An exact transcription of the data below is needed.

(Exercise material)

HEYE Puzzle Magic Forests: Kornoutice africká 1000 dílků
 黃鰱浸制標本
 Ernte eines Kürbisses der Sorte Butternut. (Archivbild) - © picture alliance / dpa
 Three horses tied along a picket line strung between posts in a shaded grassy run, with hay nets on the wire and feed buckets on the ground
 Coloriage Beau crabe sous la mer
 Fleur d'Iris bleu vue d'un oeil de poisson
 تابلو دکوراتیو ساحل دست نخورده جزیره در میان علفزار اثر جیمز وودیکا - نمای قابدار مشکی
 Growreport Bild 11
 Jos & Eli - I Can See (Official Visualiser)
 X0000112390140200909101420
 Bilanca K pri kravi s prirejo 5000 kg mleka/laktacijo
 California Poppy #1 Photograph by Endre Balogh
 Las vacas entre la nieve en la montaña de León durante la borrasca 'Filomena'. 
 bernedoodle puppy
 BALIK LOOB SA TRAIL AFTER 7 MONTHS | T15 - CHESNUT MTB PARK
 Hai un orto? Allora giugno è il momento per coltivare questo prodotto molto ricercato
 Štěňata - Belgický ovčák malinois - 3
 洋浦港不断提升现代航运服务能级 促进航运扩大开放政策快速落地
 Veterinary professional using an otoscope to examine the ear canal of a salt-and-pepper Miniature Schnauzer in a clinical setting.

(End Exercise material)

Expected answer:
HEYE Puzzle Magic Forests: Kornoutice africká 1000 dílků
 黃鰱浸制標本
 Ernte eines Kürbisses der Sorte Butternut. (Archivbild) - © picture alliance / dpa
 Three horses tied along a picket line strung between posts in a shaded grassy run, with hay nets on the wire and feed buckets on the ground
 Coloriage Beau crabe sous la mer
 Fleur d'Iris bleu vue d'un oeil de poisson
 تابلو دکوراتیو ساحل دست نخورده جزیره در میان علفزار اثر جیمز وودیکا - نمای قابدار مشکی
 Growreport Bild 11
 Jos & Eli - I Can See (Official Visualiser)
 X0000112390140200909101420
 Bilanca K pri kravi s prirejo 5000 kg mleka/laktacijo
 California Poppy #1 Photograph by Endre Balogh
 Las vacas entre la nieve en la montaña de León durante la borrasca 'Filomena'. 
 bernedoodle puppy
 BALIK LOOB SA TRAIL AFTER 7 MONTHS | T15 - CHESNUT MTB PARK
 Hai un orto? Allora giugno è il momento per coltivare questo prodotto molto ricercato
 Štěňata - Belgický ovčák malinois - 3
 洋浦港不断提升现代航运服务能级 促进航运扩大开放政策快速落地
 Veterinary professional using an otoscope to examine the ear canal of a salt-and-pepper Miniature Schnauzer in a clinical setting.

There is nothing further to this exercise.